I had chosen this particular Sunday to revisit my old stamping ground after receiving an invitation to a Christening. My friends, Anne and Mark, had recently had a new baby, something that in itself had been news to me due to my sparse use of social media these days. I had completely missed the fact that Anne had been pregnant with baby Bevyn and that she had given birth until a chance meeting in Sainsbury in Bicester a couple of months ago. When I saw her pushing a buggy with a baby inside I asked whose baby it was. When she replied "mine" I realised how out of touch I am. But it was a nice surprise. Sometimes it's nice not to know everything that's going on so going off radar is not necessarily a bad thing.

Thankfully she wasn't offended so when the invite came along I was only too delighted to accept. When it later transpired that my dear friend Laura was celebrating her birthday out on the same evening, I knew I had picked the right date to return home.

The Christening itself was lovely, as these things always are, giving me a chance to reconnect with a lot of people I hadn't seen in a very long time. I can't even try to mention everyone here, there are so many, and if I try I am  bound to offend the one person I'll forget so quite simply, thank-you everyone I spent time with that afternoon. And, yes, Funky Mike, I have subscribed to your YouTube channel!

It was effortless to slip so easily back into conversations with people even after years of absence and if that's not a true test of long standing friendship, I don't know what is.

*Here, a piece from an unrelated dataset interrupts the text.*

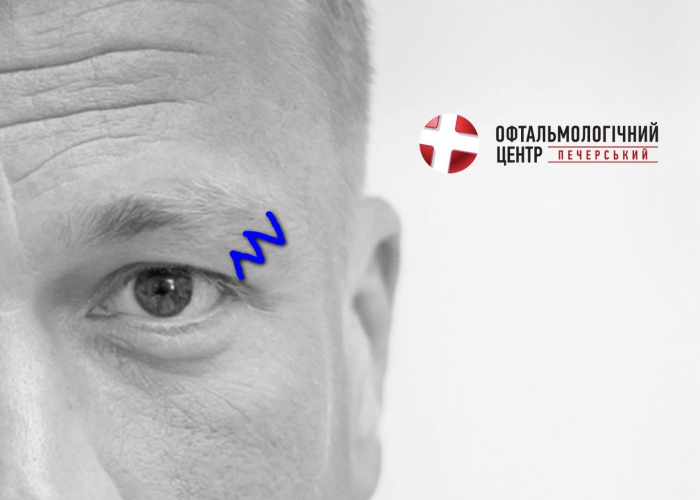 Чому сіпається око і що з цим робити?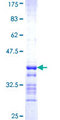 SEPHS2 Protein - 12.5% SDS-PAGE Stained with Coomassie Blue.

In the evening, after what I believe is colloquially known as a "cheeky Nando's"  I went to the karaoke at The White Hart, a night I founded over a decade ago when the pub was about half the size it is now. Today it is in the capable hands of Charlee and the night was everything I had hoped it would be. The drink flowed as I enjoyed moments with more friends of so many years standing. It was one of those nights that you hope will never end and without doubt the best night I have had out this year. Again I reflected that time doesn't dampen friendship, as the time apart I've spent from these people has made the bond stronger if anything. We may not have spoken and my fleeting Facebook time again means I may not have liked their statuses or commented on their posts as I simply haven't seen them but as I've said time and time again, that isn't how I think friendship ought to be measured. It's what you do in the real world that counts. And last Sunday I got to spend quality time with some really special people who know who they are. I promise I won't leave it so long next time.

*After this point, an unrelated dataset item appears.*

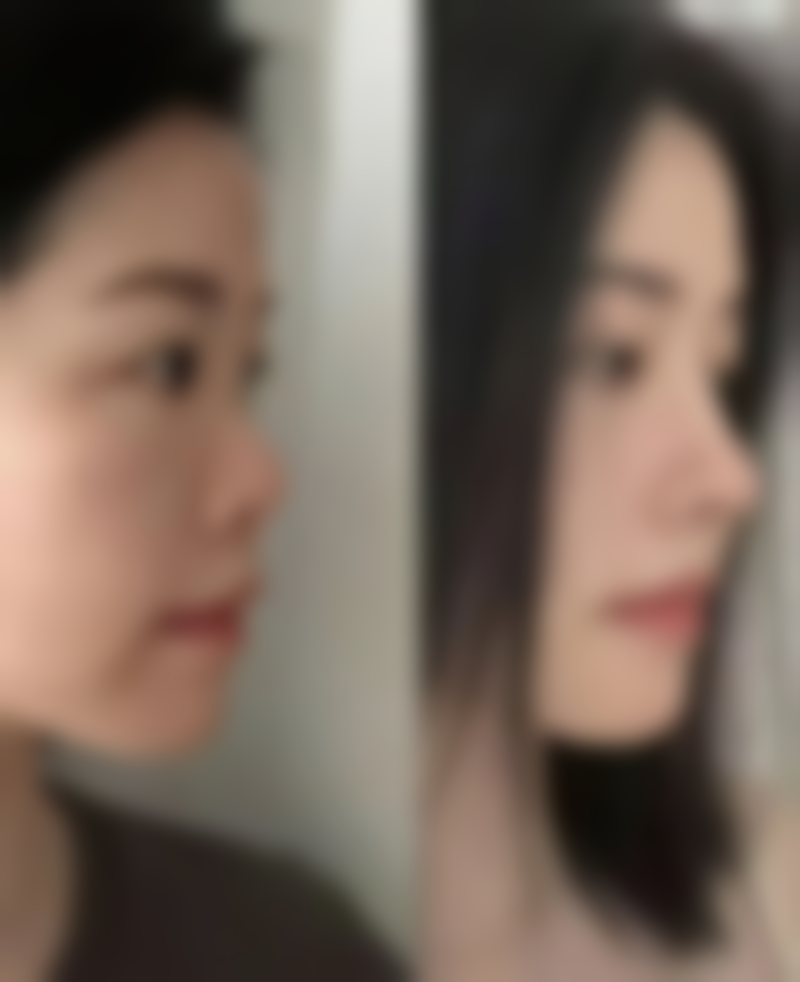 宁德韩美整形美容医院收费标准参考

Now I am back home in Evesham, the new town I've come to call home and I went out last night to enjoy a few drinks with some of the friends I have made here these past couple of years. It's still early days and I don't have a shared history with the people here, but I firmly believe if you're friendly, approachable and make an effort to integrate, local people wherever you go will accept you, and you can build friendships with them. But you do have to make that effort, even if it's daunting walking into a new pub for the first time or entering a playground to pick up the kids at a new school where you know absolutely no-one. I was bold on my first day at Jamie's new school and walked straight up to two people and started talking to them. We're still chatting two years on. It's like anything in life - you have to put the effort in and step out of your comfort zone sometimes. If I hadn't, I wouldn't have the amazing back catalogue of friends I have built up through my life, moving from place to place, job to job and pub to pub! If you're reading this, chances are I met you somewhere along this amazing journey we call life and if you've been a part of mine - thank-you!